▶ [What needs to be done]: Restate word for word the lines in the listing below, starting at the line containing "Which pressure fermenter" and ending at the line containing "Then you can", both included; leave out the rest.

Data under study START

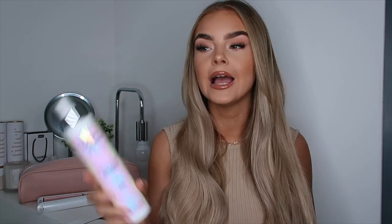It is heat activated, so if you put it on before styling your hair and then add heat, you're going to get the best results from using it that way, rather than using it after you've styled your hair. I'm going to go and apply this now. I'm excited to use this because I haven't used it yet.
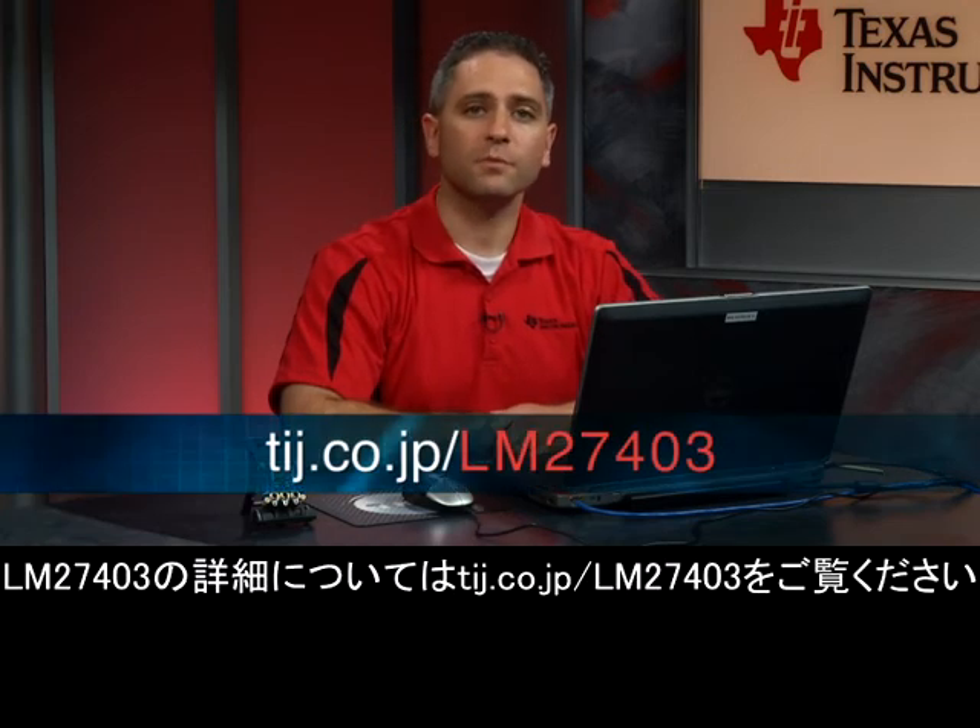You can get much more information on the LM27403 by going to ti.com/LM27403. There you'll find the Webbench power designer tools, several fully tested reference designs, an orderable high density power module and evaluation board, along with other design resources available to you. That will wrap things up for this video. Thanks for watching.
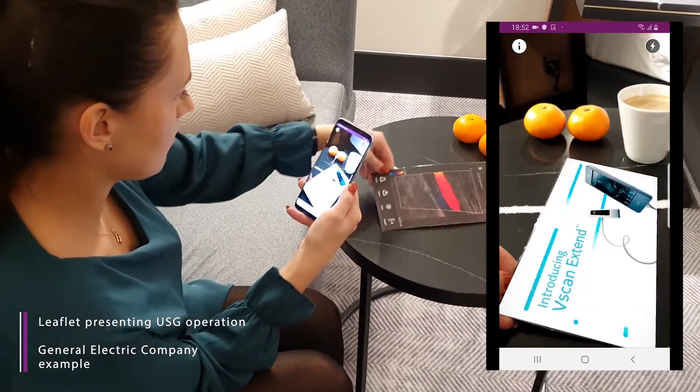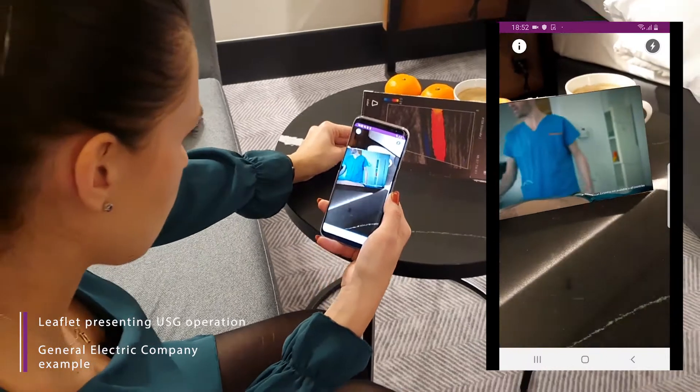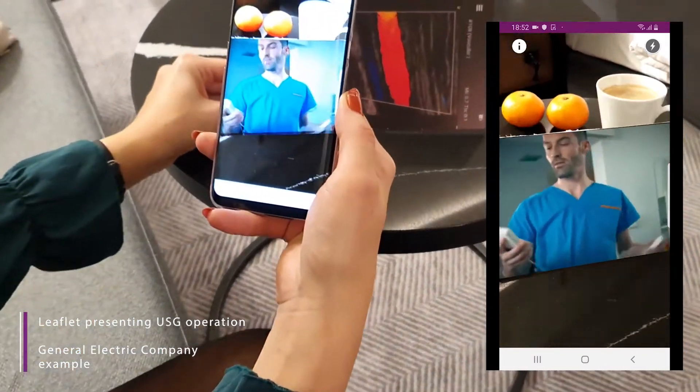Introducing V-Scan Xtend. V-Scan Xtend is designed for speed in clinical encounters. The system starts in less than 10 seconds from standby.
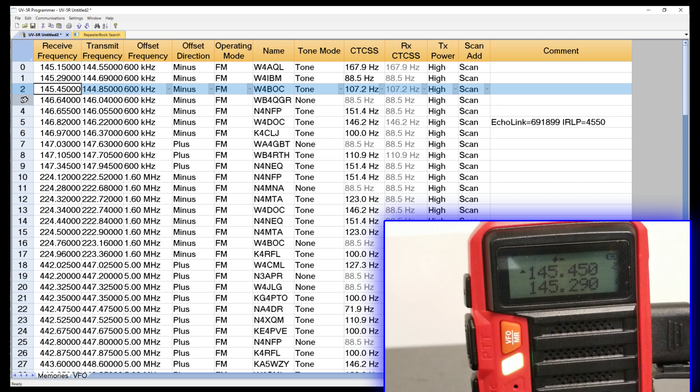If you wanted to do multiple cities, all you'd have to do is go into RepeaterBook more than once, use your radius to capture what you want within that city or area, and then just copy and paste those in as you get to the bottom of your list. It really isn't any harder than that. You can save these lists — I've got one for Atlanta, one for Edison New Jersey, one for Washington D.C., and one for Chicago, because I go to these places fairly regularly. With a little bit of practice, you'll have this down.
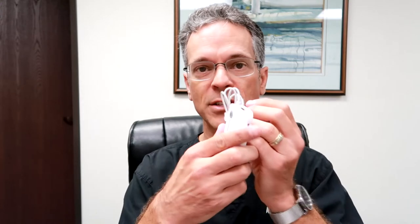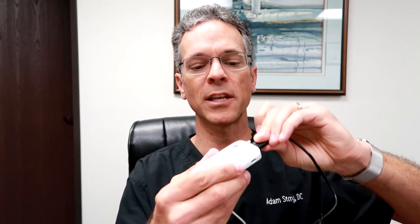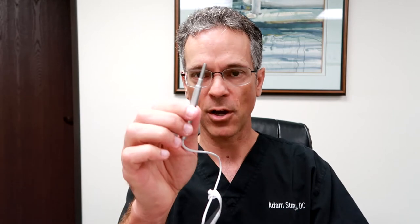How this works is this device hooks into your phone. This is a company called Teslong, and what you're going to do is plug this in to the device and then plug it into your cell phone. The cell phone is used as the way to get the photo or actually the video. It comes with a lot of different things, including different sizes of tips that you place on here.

Data under study END
Data under study START

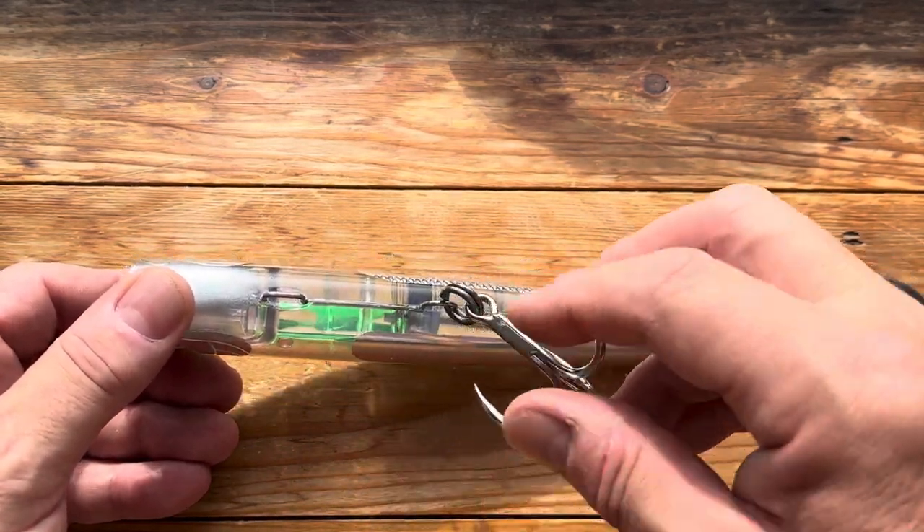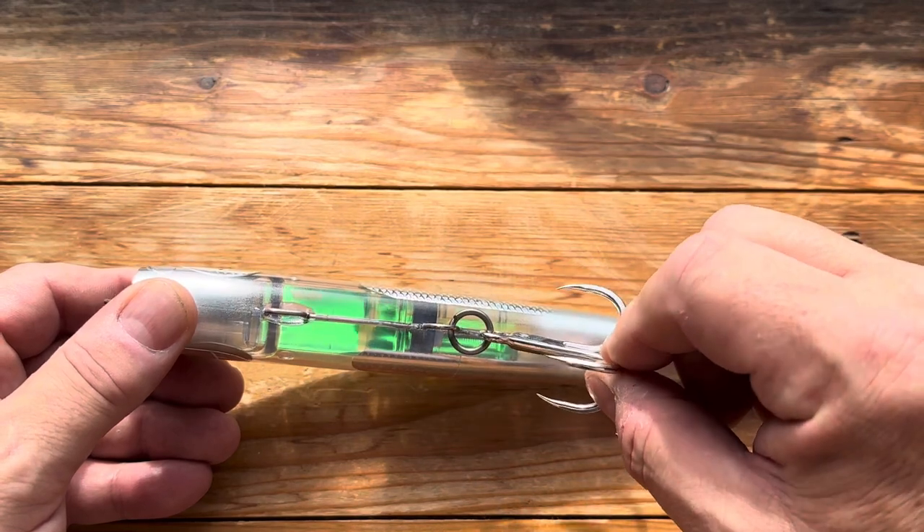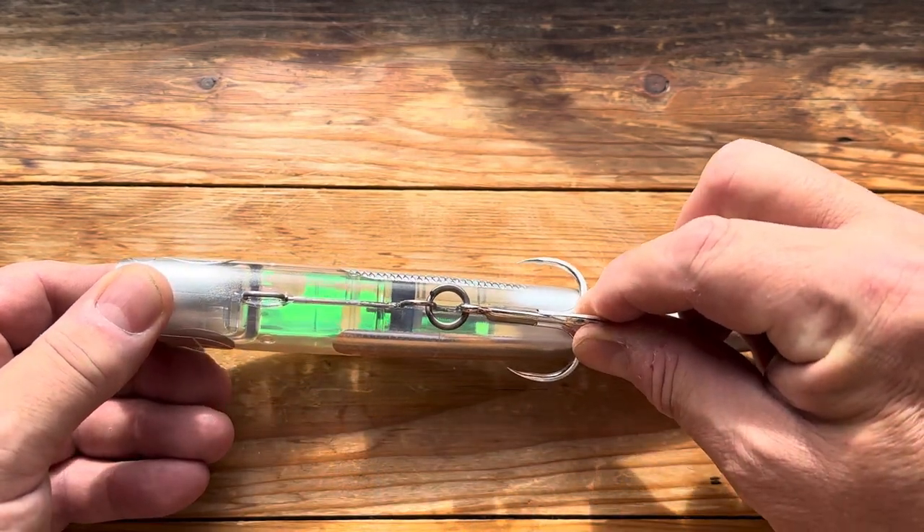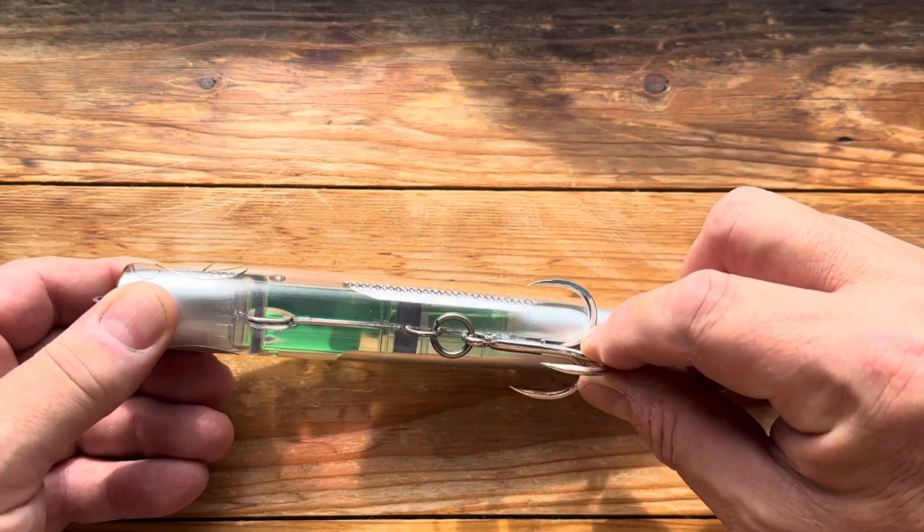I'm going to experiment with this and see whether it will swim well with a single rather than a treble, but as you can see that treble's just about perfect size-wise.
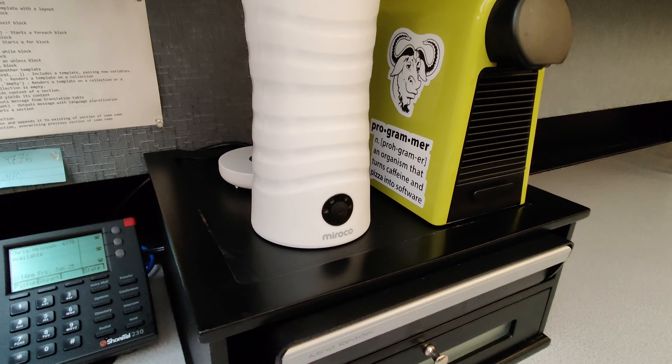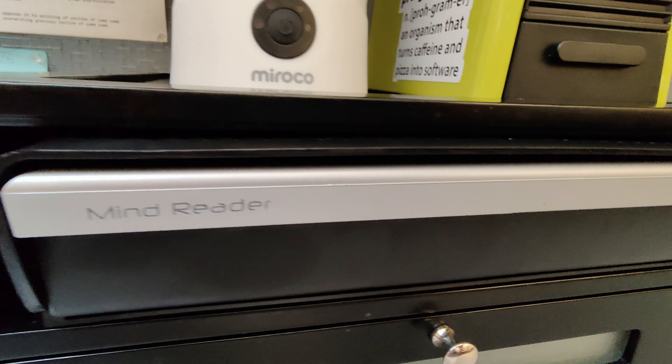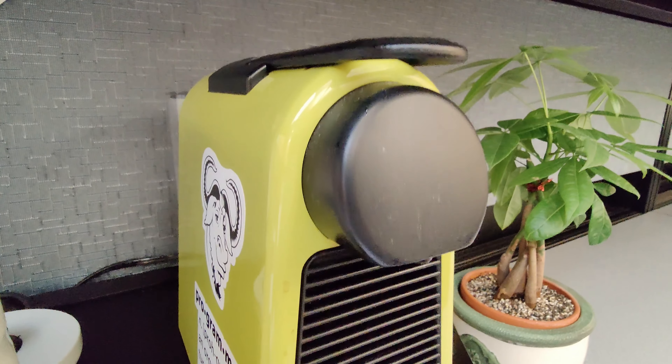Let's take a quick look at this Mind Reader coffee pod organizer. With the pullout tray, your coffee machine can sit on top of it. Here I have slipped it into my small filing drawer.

Data under study END
Data under study START

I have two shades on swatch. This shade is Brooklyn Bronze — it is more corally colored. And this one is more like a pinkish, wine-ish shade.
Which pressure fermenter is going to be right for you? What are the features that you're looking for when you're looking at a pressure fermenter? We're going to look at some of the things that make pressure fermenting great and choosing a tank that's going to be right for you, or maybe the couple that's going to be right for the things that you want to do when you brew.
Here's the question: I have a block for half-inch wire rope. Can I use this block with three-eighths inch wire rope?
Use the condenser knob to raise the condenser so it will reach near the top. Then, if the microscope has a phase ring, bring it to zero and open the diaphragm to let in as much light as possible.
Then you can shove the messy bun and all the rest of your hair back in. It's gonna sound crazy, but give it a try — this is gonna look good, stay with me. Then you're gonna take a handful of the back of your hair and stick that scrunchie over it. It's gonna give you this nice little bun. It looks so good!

Data under study END

▶ [Answer box]:
Which pressure fermenter is going to be right for you? What are the features that you're looking for when you're looking at a pressure fermenter? We're going to look at some of the things that make pressure fermenting great and choosing a tank that's going to be right for you, or maybe the couple that's going to be right for the things that you want to do when you brew.
Here's the question: I have a block for half-inch wire rope. Can I use this block with three-eighths inch wire rope?
Use the condenser knob to raise the condenser so it will reach near the top. Then, if the microscope has a phase ring, bring it to zero and open the diaphragm to let in as much light as possible.
Then you can shove the messy bun and all the rest of your hair back in. It's gonna sound crazy, but give it a try — this is gonna look good, stay with me. Then you're gonna take a handful of the back of your hair and stick that scrunchie over it. It's gonna give you this nice little bun. It looks so good!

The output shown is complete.